PHILADELPHIA — The quarterbacks were hot in the red zone Tuesday.
The Patriots and Eagles worked exclusively in that precious part of the field, where the stakes — and the intensity of every snap — are at their highest points.
Cam Newton and Mac Jones each sizzled during their competitive team periods, which included mostly seven-on-seven work. Newton finished 13 of 15 with a drop (2 of 2 in 11-on-11s) while Jones was 13 of 14 with an interception (2 of 2 in 11s).
Each QB played with a mix of projected starters and backups against the Eagles’ first- and second-teamers.
Newton flashed excellent zip and accuracy. His decision-making was a tick faster than previous days, which was supremely important considering how fast time and space disappear in the red zone.
“It’s the hardest part of the field, honestly,” said receiver Jakobi Meyers, who had a strong day catching underneath crossers. “Space is tight, you’re right there, and [the defense is] really together on the goal line.
“It’s one of the hardest places on the field. We can’t make any excuses, even though it’s hard for us. We’ve still got to go in, run our routes, and make the tough catches.”
Jones tried to force a seam pass to Devin Asiasi and it was picked by linebacker T.J. Edwards. The rookie was pretty much perfect the rest of the day. Jones, who wore a slightly smaller brace on his left leg as he tests out some preventive equipment, showed patience and pocket mobility to make some plays.
Meyers thought dedicating a day to the red zone will pay big dividends.
“Especially for our offense, going against a good team like the Eagles,” he said. “I thought we got better today — a lot better.”
Safety Adrian Phillips said working in the red zone also was beneficial for the defense and he liked the heightened ferocity of every snap.
“Most defenses have a bend-but-don’t-break mentality, but we’re an attacking defense,” said Phillips. “We don’t even want to let them get down there, so when they do get down there, the main thing is we don’t want to let them run the ball, and if they throw the ball, we’ve got to pick it off.

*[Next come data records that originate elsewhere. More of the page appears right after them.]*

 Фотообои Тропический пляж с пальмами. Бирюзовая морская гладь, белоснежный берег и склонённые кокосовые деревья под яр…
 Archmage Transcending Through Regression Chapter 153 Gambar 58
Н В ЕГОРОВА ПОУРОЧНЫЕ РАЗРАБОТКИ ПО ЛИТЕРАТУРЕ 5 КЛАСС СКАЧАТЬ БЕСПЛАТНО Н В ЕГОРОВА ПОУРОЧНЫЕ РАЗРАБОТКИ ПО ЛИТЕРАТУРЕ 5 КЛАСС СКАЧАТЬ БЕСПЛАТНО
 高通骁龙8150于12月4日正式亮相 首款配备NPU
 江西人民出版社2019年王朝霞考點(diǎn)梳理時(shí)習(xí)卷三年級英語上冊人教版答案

“Every play is big because you’re playing for points now. When you’re out on the [middle of the] field, they can do a whole bunch of stuff, but in the red zone, it’s all about getting into that end zone, so the intensity picks up.
“The O-line and D-line are teeing off a lot more harder.”

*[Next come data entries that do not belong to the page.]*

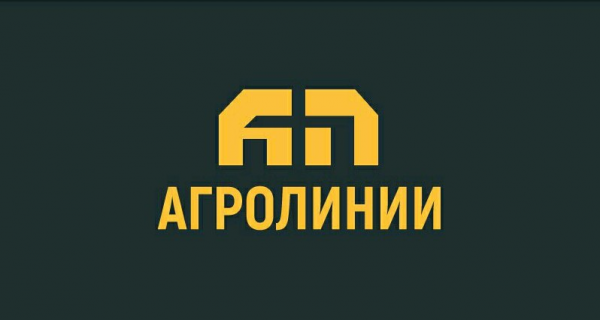 Логотип компании АгроЛинии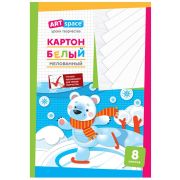 Картон бел.8.  А-4 ArtSpace мелованный в папке Нк8б_001/152941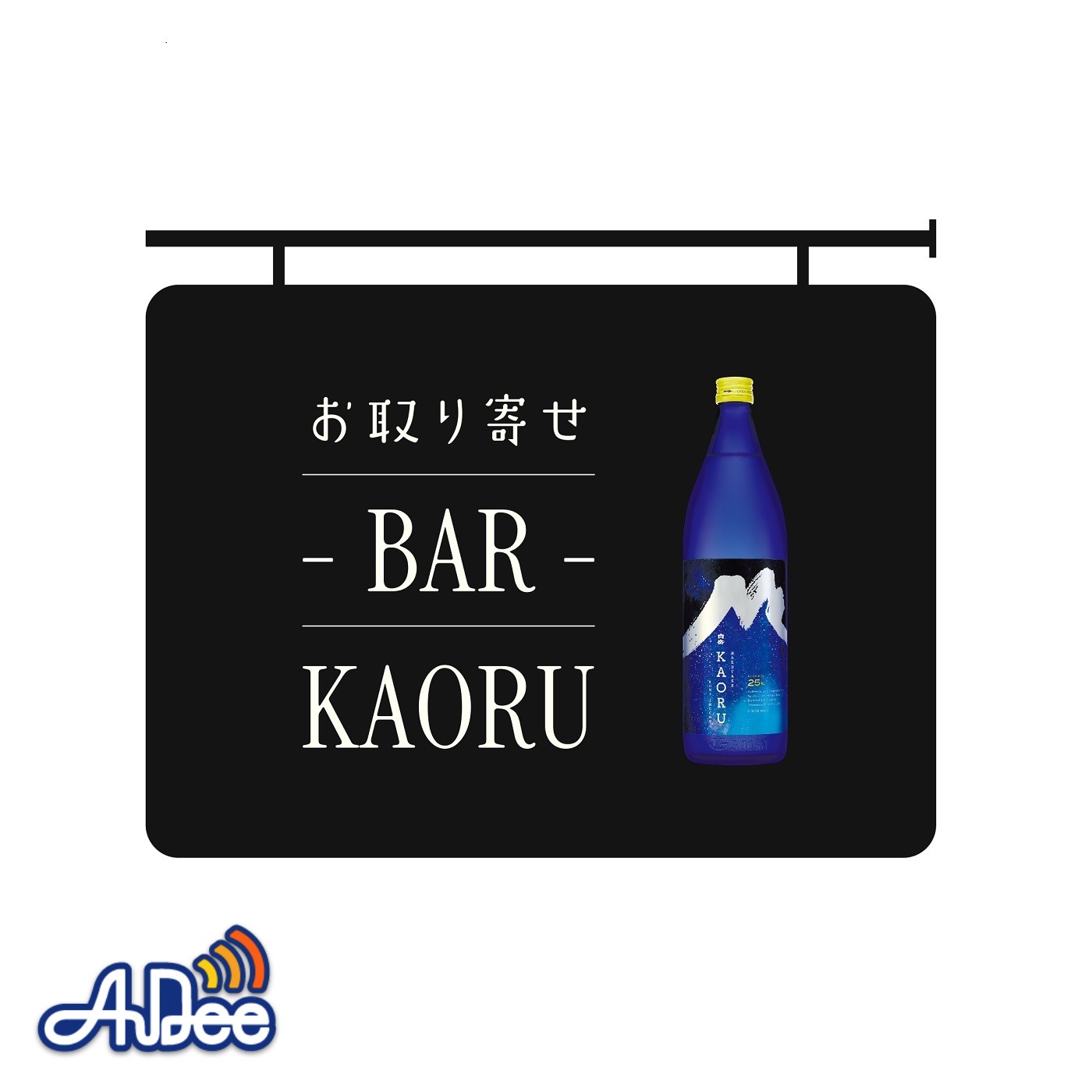 お取り寄せバーKAORU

Not spotted: QB Jarrett Stidham (PUP); WR Tre Nixon; TE Matt LaCosse; DLs Lawrence Guy and Byron Cowart (PUP); LBs Terez Hall (PUP), Anfernee Jennings, and Cameron McGrone (NFI); CBs Stephon Gilmore (PUP) and Myles Bryant; S Joshuah Bledsoe (NFI); K Nick Folk; and LS Joe Cardona.

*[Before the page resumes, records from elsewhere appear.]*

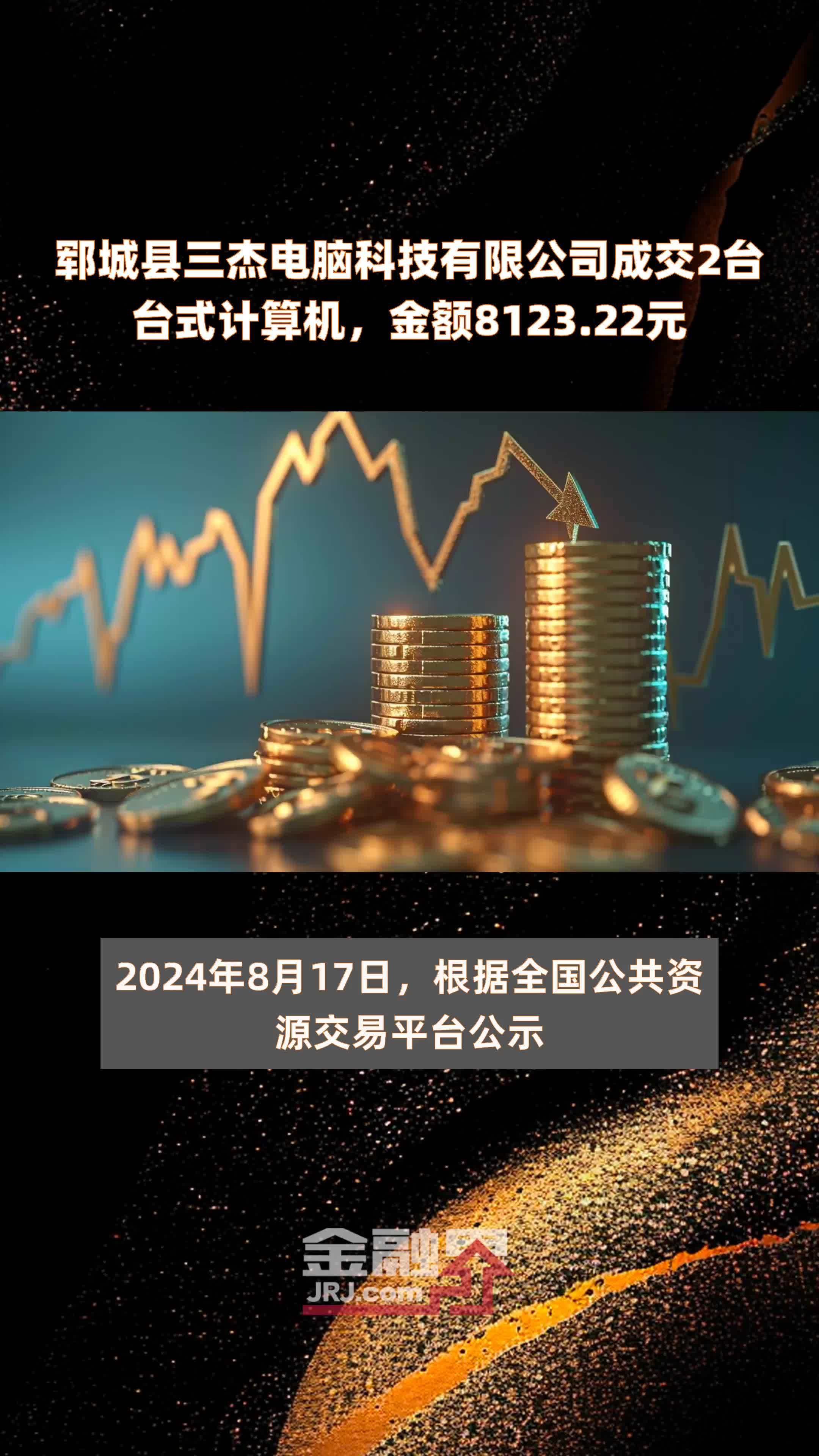 郓城县三杰电脑科技有限公司成交2台台式计算机，金额8123.22元 |快报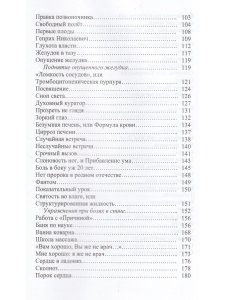 Искусство исцеления, или Моя лечоба: Опыт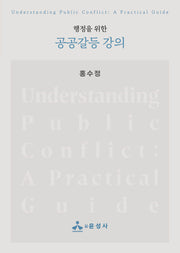공공갈등 강의(행정을 위한)(행정을 위한)(반양장)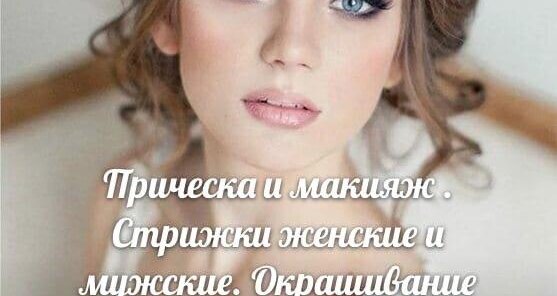 макияж и прическа - от 5500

The Patriots are running thin at tight end, with both LaCosse (who was dinged hard Monday) and Troy Fumagalli (undisclosed) unable to participate.
Fellow tight ends Hunter Henry (shoulder) and Jonnu Smith (ankle) were present. For the second straight day, Henry was in full uniform but did only conditioning work. Fumagalli worked out in shorts and a T-shirt. Smith was not in uniform.
Cornerback Jonathan Jones did not participate but did join his teammates late in the session as an observer.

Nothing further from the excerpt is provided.